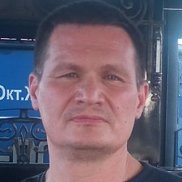 �����, 48 ���, ��������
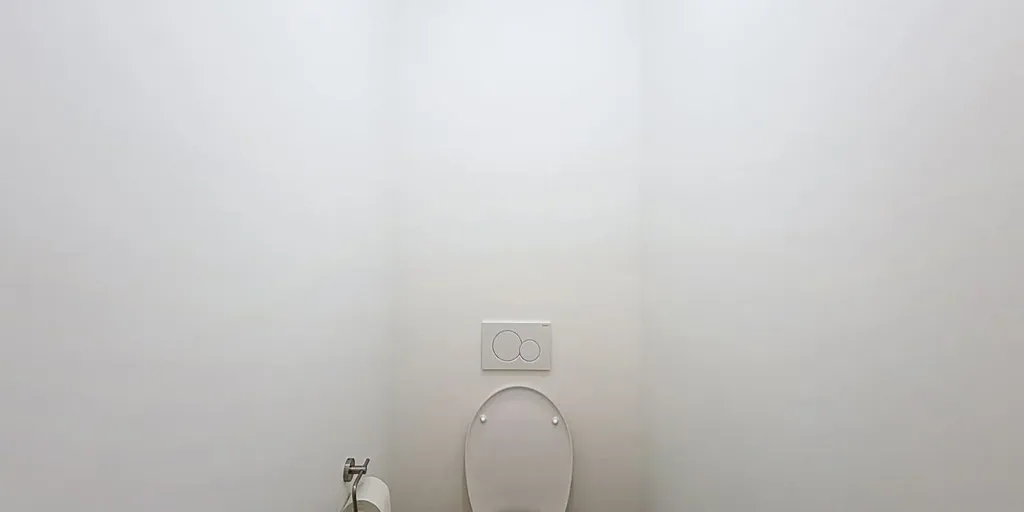Salles de bain - Appartement Neuf avec Terrasse à Waremme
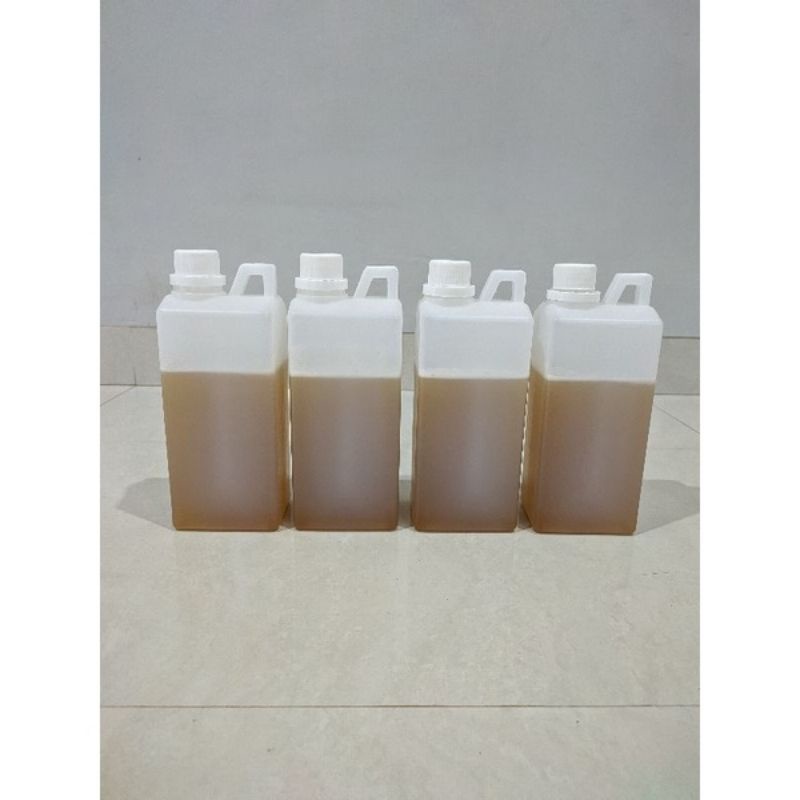 

Madu murni randu asli 100%(1000gr)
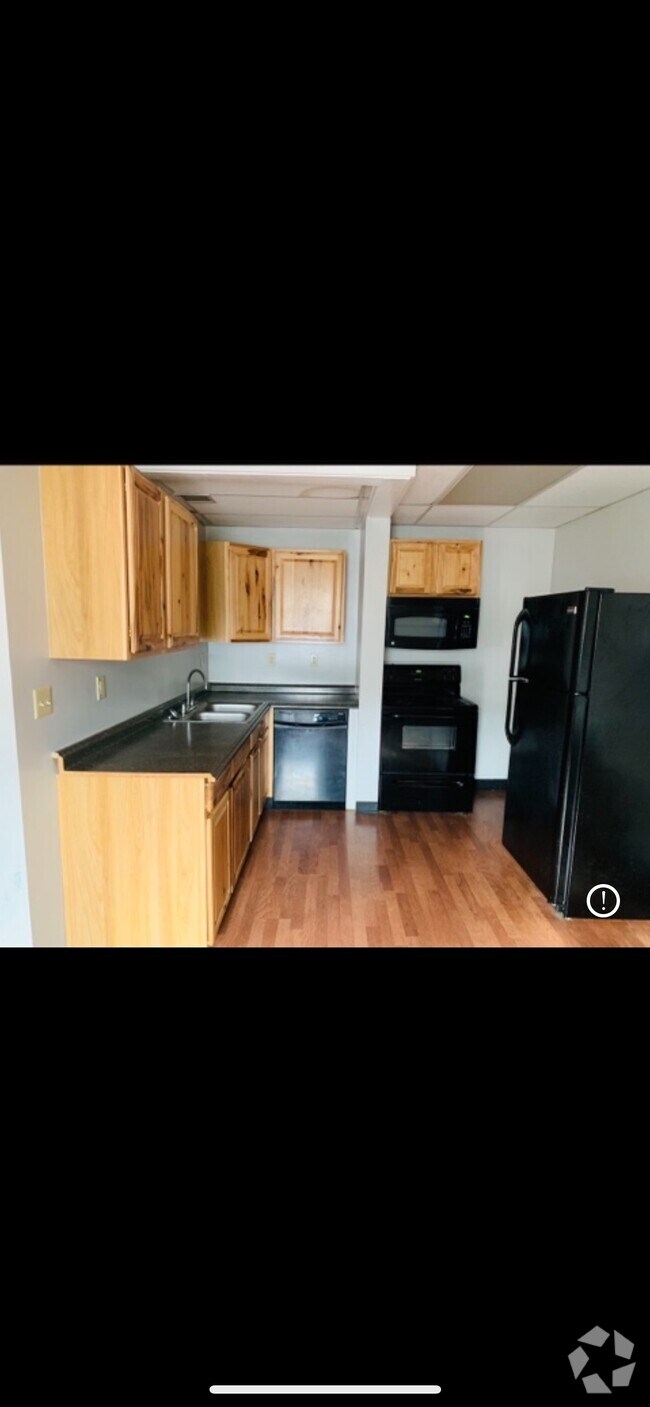 Apartments For Rent in Athens PA 1 Rentals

== Your objective ==
Write out the lines of the material from the one containing "Madu murni randu asli 100%(1000gr)" through the last, exactly and only those. Leave every picture out.

== Answer space ==
Madu murni randu asli 100%(1000gr)
 Apartments For Rent in Athens PA 1 Rentals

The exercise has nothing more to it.